======== RECORDS SHOWN
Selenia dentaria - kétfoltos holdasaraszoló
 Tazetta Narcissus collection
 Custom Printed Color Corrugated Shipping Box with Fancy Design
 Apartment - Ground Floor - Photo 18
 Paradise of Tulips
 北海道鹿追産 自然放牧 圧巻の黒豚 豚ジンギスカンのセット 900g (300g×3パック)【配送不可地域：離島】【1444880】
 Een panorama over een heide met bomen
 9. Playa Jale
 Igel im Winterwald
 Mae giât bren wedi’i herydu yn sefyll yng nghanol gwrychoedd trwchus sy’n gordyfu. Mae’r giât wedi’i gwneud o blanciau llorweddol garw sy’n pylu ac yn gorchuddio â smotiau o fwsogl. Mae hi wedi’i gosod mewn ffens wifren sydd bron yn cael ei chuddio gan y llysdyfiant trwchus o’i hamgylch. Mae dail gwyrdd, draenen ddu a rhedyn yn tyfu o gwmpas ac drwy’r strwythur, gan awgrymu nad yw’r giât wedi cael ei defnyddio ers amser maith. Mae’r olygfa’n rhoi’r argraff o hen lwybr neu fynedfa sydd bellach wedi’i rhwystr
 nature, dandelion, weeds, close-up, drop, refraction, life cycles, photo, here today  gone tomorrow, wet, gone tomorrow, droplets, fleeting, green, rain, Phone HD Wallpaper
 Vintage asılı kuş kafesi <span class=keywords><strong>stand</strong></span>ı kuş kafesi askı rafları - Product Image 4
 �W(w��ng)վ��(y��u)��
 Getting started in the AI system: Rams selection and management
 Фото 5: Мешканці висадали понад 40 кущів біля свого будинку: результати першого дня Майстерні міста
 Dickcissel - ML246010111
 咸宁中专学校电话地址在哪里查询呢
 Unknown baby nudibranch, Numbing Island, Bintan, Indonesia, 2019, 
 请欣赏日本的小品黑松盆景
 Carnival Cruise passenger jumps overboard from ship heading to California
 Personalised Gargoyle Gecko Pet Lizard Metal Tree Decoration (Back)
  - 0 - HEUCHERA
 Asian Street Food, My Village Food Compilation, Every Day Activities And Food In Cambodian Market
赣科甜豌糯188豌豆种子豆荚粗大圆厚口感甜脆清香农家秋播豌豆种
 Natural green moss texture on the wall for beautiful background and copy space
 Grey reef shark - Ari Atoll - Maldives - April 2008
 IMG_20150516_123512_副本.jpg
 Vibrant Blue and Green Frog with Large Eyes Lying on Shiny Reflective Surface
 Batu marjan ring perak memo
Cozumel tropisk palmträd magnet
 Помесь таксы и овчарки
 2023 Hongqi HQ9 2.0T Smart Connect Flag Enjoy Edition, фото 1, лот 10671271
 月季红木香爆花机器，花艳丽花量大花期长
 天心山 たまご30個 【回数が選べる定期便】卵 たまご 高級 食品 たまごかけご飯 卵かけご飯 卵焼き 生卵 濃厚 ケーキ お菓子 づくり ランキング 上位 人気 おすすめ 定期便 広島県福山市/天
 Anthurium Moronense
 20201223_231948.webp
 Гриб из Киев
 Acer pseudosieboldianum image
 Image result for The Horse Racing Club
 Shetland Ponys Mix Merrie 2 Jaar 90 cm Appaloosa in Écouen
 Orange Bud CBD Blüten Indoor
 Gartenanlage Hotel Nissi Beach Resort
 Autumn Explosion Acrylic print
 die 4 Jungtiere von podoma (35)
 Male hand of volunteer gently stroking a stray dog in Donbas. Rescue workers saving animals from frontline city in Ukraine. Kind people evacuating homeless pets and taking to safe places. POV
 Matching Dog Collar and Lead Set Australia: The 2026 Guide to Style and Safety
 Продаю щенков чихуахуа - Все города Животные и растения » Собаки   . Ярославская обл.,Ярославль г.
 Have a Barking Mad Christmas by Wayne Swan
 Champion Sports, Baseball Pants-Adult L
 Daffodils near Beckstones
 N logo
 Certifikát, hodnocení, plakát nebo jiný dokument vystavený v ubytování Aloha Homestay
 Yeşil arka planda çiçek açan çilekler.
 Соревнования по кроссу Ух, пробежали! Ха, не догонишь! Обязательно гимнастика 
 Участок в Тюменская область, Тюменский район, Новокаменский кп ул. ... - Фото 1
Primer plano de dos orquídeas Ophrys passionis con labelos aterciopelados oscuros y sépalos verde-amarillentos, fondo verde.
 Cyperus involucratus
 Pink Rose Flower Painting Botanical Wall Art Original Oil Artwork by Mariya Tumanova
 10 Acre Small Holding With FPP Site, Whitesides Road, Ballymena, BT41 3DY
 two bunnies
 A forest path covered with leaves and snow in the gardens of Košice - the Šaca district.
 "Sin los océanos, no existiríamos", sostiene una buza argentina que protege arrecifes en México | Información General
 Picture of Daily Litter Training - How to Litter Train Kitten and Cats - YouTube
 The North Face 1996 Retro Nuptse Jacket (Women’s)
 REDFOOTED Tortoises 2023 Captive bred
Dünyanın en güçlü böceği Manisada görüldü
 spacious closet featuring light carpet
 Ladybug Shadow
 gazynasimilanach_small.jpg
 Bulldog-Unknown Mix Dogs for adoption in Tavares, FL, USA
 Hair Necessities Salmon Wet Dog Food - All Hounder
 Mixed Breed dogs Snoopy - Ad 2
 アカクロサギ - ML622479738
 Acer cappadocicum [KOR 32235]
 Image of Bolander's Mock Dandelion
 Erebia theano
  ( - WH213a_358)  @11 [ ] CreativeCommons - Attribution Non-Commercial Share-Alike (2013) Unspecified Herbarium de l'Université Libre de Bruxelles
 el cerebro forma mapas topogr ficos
================
▶ EXERCISE DESCRIPTION:
Scan the entries above for the line containing "Фото 5: Мешканці", and copy it and all lines after it exactly, down to and including the line containing "月季红木香爆花机器，花艳丽花量大花期长".

▶ ANSWER:
 Фото 5: Мешканці висадали понад 40 кущів біля свого будинку: результати першого дня Майстерні міста
 Dickcissel - ML246010111
 咸宁中专学校电话地址在哪里查询呢
 Unknown baby nudibranch, Numbing Island, Bintan, Indonesia, 2019, 
 请欣赏日本的小品黑松盆景
 Carnival Cruise passenger jumps overboard from ship heading to California
 Personalised Gargoyle Gecko Pet Lizard Metal Tree Decoration (Back)
  - 0 - HEUCHERA
 Asian Street Food, My Village Food Compilation, Every Day Activities And Food In Cambodian Market
赣科甜豌糯188豌豆种子豆荚粗大圆厚口感甜脆清香农家秋播豌豆种
 Natural green moss texture on the wall for beautiful background and copy space
 Grey reef shark - Ari Atoll - Maldives - April 2008
 IMG_20150516_123512_副本.jpg
 Vibrant Blue and Green Frog with Large Eyes Lying on Shiny Reflective Surface
 Batu marjan ring perak memo
Cozumel tropisk palmträd magnet
 Помесь таксы и овчарки
 2023 Hongqi HQ9 2.0T Smart Connect Flag Enjoy Edition, фото 1, лот 10671271
 月季红木香爆花机器，花艳丽花量大花期长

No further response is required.